I thought world leaders knew me. I thought the Cia was on me. I thought people knew who I was.
That I’m god.
Angel voices telling me I’m chosen to change the world for the better. Prophet and Bodhisattva they would call me.
I thought that I was a prophet or a combination of the prophets. I thought that I might one day become God. I thought it was my destiny to kill Satan with an Angel.
Solidarity dude. It’s nice to hear others have had some recovery after having those types of thoughts.
Cheers, it’s nice to know I’m not alone in that one.
I thought that I would be a powerful mercenary, that would rule the world. Other stuff was like a famous author or a pro skateboarder even if I have quit skateboarding.
Son of Bill Gates or Jesus.
Ya, I probably had dozens of good or bad ones lol. Like I was famous or related to famous people through bloodlines or something. That I created bitcoin and was john titor and a few others. It’s not real but a vivid fantasy and delusion and crap. It’s sad and pathethic. I talked about it and even thought aliens were ■■■■■■ with me and crap and I was cloned or something by the Illuminati/aliens and thought I was too self-important and crap. I talked a lot of ■■■■. Thought I was a super genius that got the Riemann Hypothesis and built/designed a UFO in a parallel universe. I’ve definitely had some aliens ■■■■ with me in 2016 and probably in college in 2011 and I’ve been abducted by them. Even thought I was the antichrist or one of the witnesses of the bible and was immortal and a time traveler and in an infinite time loop living in the matrix and even escaped a few times and had my schizophrenia cured…

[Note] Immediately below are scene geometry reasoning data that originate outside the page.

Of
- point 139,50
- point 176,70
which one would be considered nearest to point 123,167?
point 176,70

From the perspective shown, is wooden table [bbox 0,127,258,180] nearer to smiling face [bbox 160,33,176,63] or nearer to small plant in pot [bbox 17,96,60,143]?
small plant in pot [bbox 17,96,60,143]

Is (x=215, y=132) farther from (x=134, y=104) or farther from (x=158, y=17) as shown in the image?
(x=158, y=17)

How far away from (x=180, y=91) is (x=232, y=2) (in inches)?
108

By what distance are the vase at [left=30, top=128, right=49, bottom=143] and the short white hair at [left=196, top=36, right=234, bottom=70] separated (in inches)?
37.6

there are a lot of people without schizophrenia who have worse delusions than I’ve ever had
One of my most recent delusions or something was they took me to Los Alamos in New Mexico for testing/programming in 2011 before I went to Space/Mars/Moon. I was a super soldier or some crap. I really don’t know or remember, but it’s 2021 and my most recent conjecture/hypothesis and crap. I get ai/aliens talking to me in my dreams. I’m a little scared and stuff but aliens were involved and Illuminati/Deep State/Shadow-government folks. I’m not the only one, I guess. I’ve been to several bases but IRONICALLY it’s related to my college/Berkeley I went to and feeds into my dreams/memories, really. I don’t know. Probably went there in a past life/parallel universe/earth or some crap. Feels like west world.
I mean the aliens compared me to Oppenheimer and I like Feynman a lot and other things like I thought it was the real power people like bohemian grove but my experience was more super soldier like/trauma induced.

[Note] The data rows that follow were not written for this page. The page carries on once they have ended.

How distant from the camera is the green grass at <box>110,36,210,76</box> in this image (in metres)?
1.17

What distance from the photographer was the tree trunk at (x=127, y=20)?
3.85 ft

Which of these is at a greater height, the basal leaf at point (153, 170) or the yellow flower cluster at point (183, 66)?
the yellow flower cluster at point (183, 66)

It could be related to the Montauk/Monarch program/SSP where I was a victim and programmed/tortured basically for unknown reasons to turn me into a super scientist/super soldier and crap. I have other delusions too…
I thought I was CIA/NSA/military in a past life/parallel universe a trillion + lives ago on another planet or something and reincarnated. But it’s not real. I just call it men in black now.

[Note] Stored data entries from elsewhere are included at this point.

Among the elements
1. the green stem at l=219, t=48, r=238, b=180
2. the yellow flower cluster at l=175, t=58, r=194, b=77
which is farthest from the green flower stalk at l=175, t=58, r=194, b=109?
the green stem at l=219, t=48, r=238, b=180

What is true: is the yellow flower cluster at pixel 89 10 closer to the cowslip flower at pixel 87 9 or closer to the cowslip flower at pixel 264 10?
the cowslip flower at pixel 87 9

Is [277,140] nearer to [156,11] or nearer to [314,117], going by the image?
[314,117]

I only had 3 jobs in this life/reality and that was retail and pizza and tutoring.
I’m broke and poor and schizophrenia now.
That I could have a life like my twin.
I thought I was next queen of england.
Rock star, destined for fame, destined to date someone famous.
I thought a certain actress I won’t name was going to marry me. I thought she was the one talking to me in my head. I thought she was watching my Facebook so I tried to communicate with her by posting stuff on my page, which just ended up embarrassing the heck out of myself in public.
I thought i had a special friend; an artificial life-form. I was the only person with a good enough heart and integrity, that it could trust me alone.
I had the prophet delusion. I thought I could speak to angels.
I thought (still sometimes think) that there’s some force that has chosen me for things to work out.
I thought I was best person in my weight training class.
Never had any of those thank the lord. Mine are all of persecution but the paranoia that accompanied them was horrible.
i thought i was jesus, what an idiot i was, im not jesus, cuz jesus wasnt a criminal, and imma criminal, (check out my song)
I think the fbi and cia are on me because they think I stole some software from them. They access my phone and spread false rumors about me. That way it’s easier to turn people. They stole all my friends some that I had known for over a decade and thought I’d keep in touch with them forever. All this has led to me having multiple overdoses sometimes waking up on the floor and two times waking up in the ER after being narcanned. People have killed themselves over much less. I really think they are trying to get me to kill myself.